I have a success story--I ended up divorced and I am happy and content and serene and satisfied with my life (except when I light my butt on fire!--heehee). Gee, Jo, you've been here forever...you know my story. My exH was abusive, serial cheater, mentally ill--the WORKS! I did try for three years to save the marriage, but he was not willing to acutally put work into it. We separated two years ago, and just a little over one year ago the divorce was final.

One year post-divorce I do not feel entirely recovered, but I sure am on the right path. I got over my addiction to an unhealthy way of relating. I learned about abuse and got wise. I was amazed to find some self-esteem. Lo and behold, under that blamed, judged, accused, abused lady was a strong, independent, funny, smart, capable WOMAN!

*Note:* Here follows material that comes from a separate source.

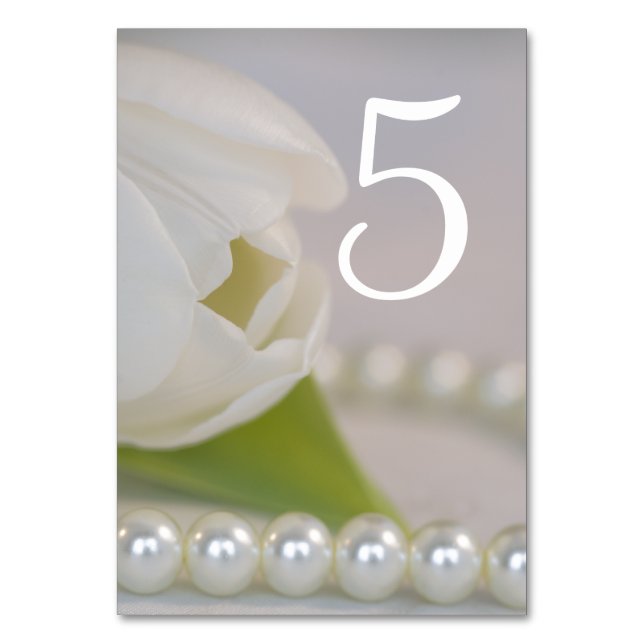 Tischnummer der Hochzeit von White Tulip und Pearl (Vorderseite)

As you can tell, I do still occasionally have days when I am just SICK of being single, because I'm a human and nuttier than a walnut brownie...but for the most part every day, I just feel HAPPY. There were so many things that I enjoyed that got lost along the way, and now I have found them again. I color. I swing on the playground. I play on the floor with my puppy. I laugh from my heart and mean it.

I think the hardest thing to get over was letting go of the "drama" of living in an abusive cycle. My physical body got used to being hyped up on adrenalin every three days and being "on guard"--so when months and months go by and nothing really happens, it initially felt "boring" and now feels blissful. It's steady and dependable and calm--the word that keeps popping into my mind is peace.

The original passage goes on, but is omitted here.